Never Let It Be Said

That I can’t admit when I’m wrong.

Someone (and I suspect it was the estimable Ms Bidgood, but if anyone else would like to claim responsibility, I may be wrong – I know several of you disagreed with me) has sent me a photo/postcard. The front shows two men and a donkey. The back reads:

Thank you so much for saving my donkey, my livelihood and my friend. When I felt that Moti was not walking properly, I got worried as he is the only source of income for my family. I rushed to Brooke hospital, where the Brooke staff helped me immediately and treated my donkey. Now I am again able to fulfill the needs of my family through my lovely animal. Thank you for supporting the Brooke Hospital and helping me and donkey.

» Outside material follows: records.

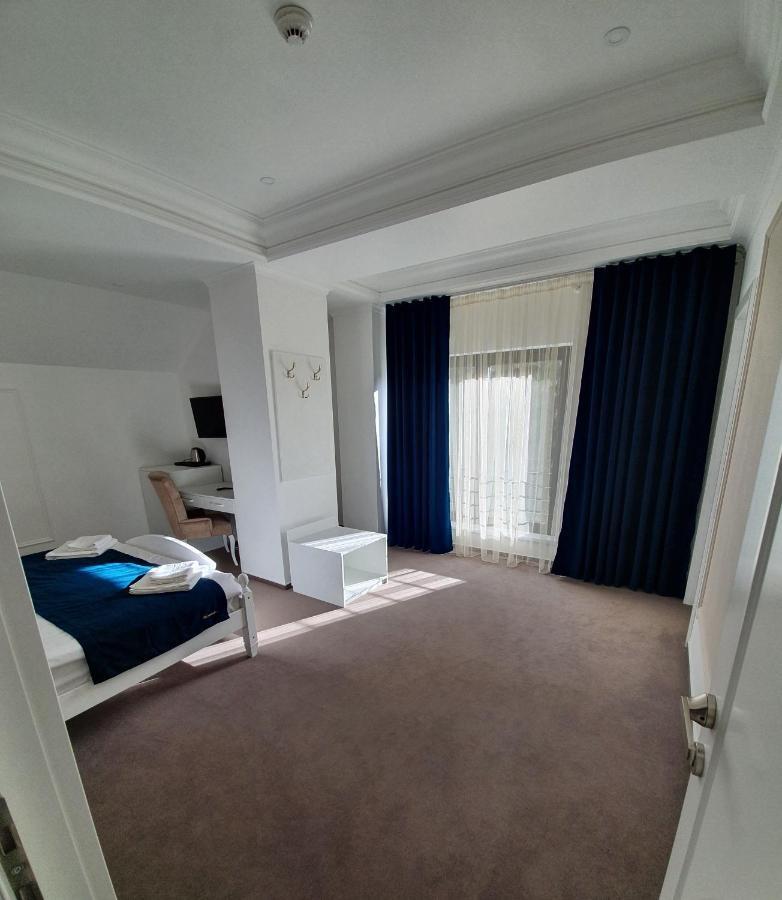 Vila Berlin Hotell Poiana Brasov Eksteriør bilde
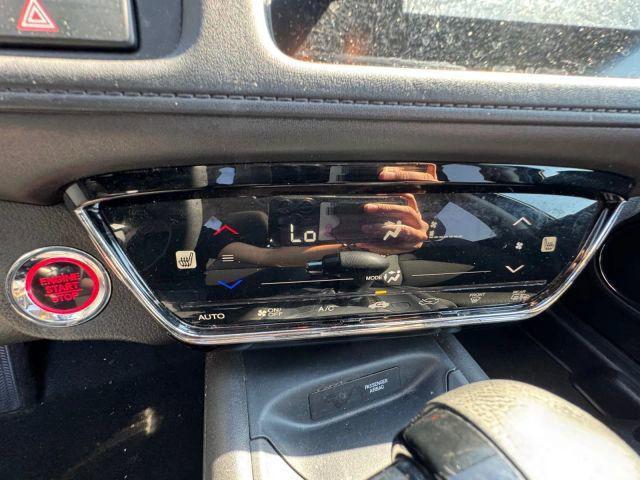 Photo of 2022 Crystal Black Pearl Honda HR-V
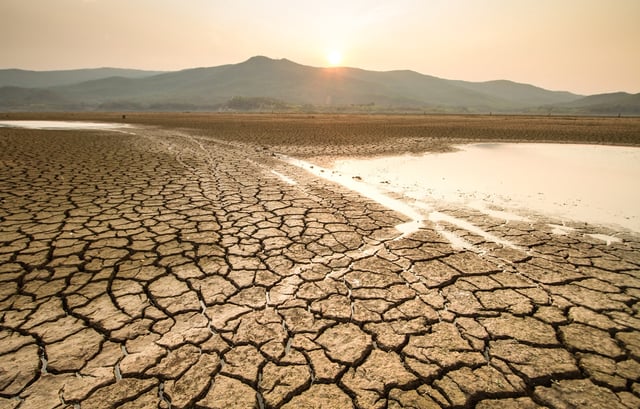 Dürren verschärfen sich mit dem Klimawandel. © piyaset/iStock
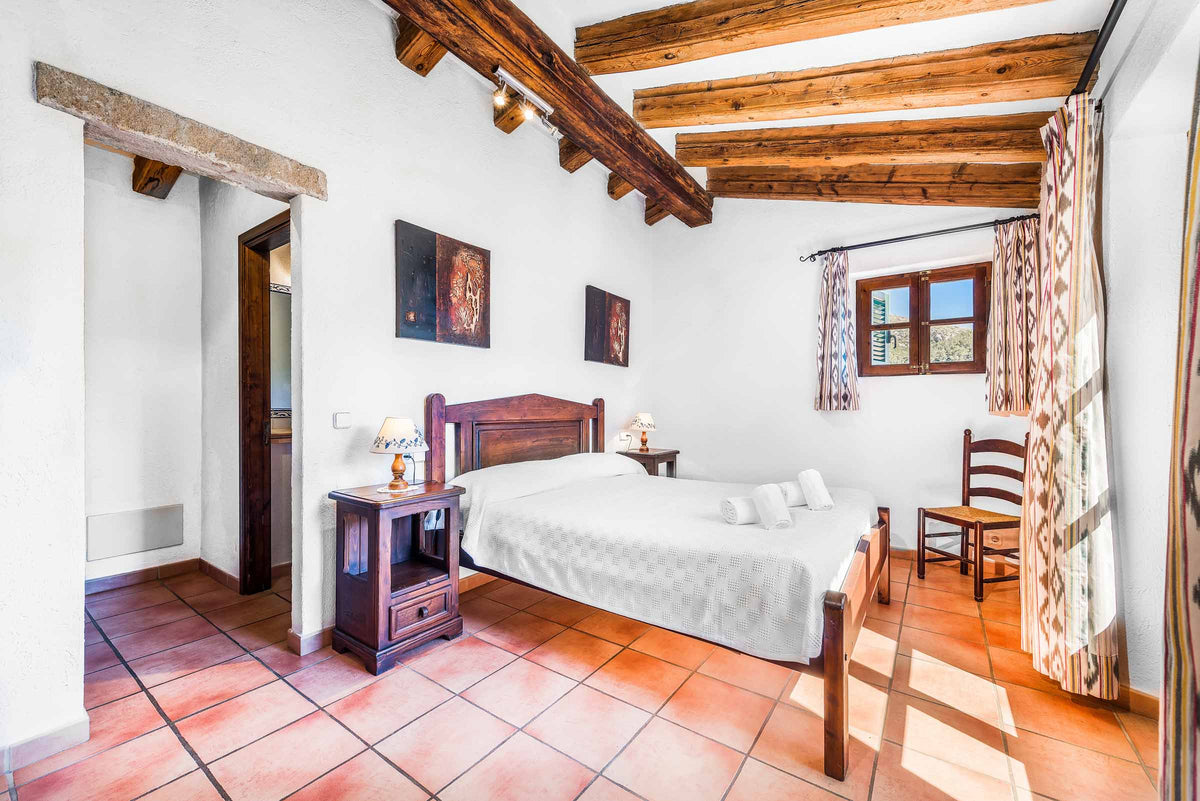 Schlafzimmer der Villa Son Amat bei Cala Sant Vicenç, Mallorca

A post-it note attached simply reads: “A good reason to give to animal charities?”

Yes. Yes, I would absolutely agree that it is, and have just made a donation to Brooke myself. You can find them at http://www.thebrooke.org/ if you would like to make one yourself.

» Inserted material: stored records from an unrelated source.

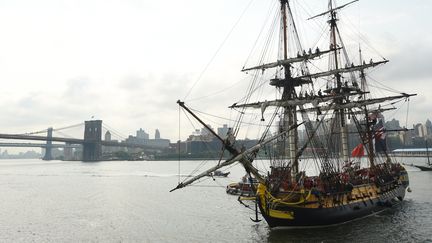 'L'Hermione", apr&egrave;s son arriv&eacute;e &agrave; New York (Etats-Unis), mercredi 1er juillet 2015.&nbsp; (TIMOTHY A. CLARY / AFP)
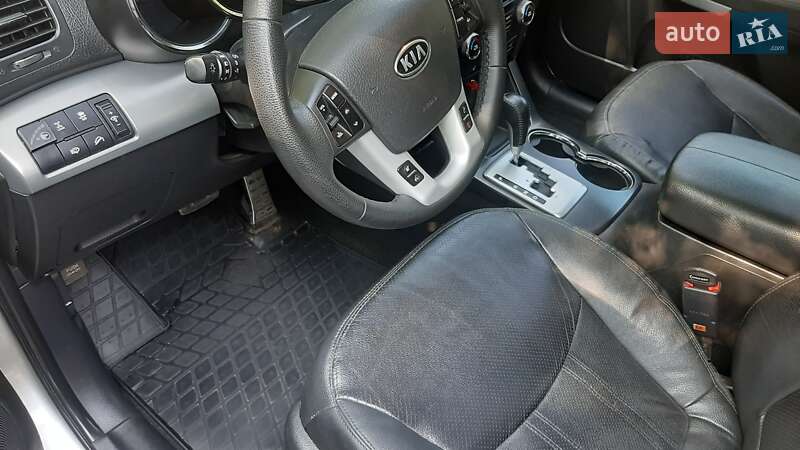Внедорожник / Кроссовер Kia Sorento 2012 в Александровке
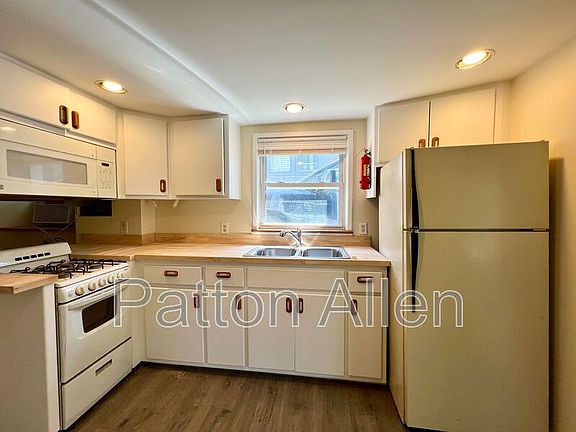 3rd image of 29 Parkman Ave Unit 3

(Also, just for the record: I’m completely pro charities like the WWF. Biodiversity has huge benefits to humanity.)

Notes on Setting Up A mailserver

Incomprehensible tech gibberish to most of you, laughably simple nonsense to others, I just need to dump this lot someplace, so I remember it if/when I need to do this again and/or when I come to make tweaks over the next few weeks.

  • Postfix/Dovecot related confusion over having same domain in localdomain and in MySQL. Remember to set up so that localdomain is a domain you don’t need.
  • Remember: /etc/pam.d/smtp
  • When adding new domains, remember to add them to /etc/amavis/conf.d/05-domain_id, or SpamAssassin won’t run on them.
  • Most of the useful SpamAssassin settings have been redefined at User level. This was on purpose. Don’t forget.
  • You have self-signed the certs. When budget permits, replace them with something proper.
  • TODO: Test PHP-IMAP, and look at Postfix for post-delivery filtering.
  • Remember to check regularly for security updates.

ACTA

Anyone here not know what it is, and why you should be writing to your elected representatives to make sure it doesn’t wind up being enshrined in law wherever you are?

Short version: it’s like SOPA, but affecting everywhere, not just the US, and with less oversight, and more draconian.

If you contacted anyone about SOPA, or just wanted to and couldn’t, you should also be contacting them about ACTA, because it’s much, much scarier.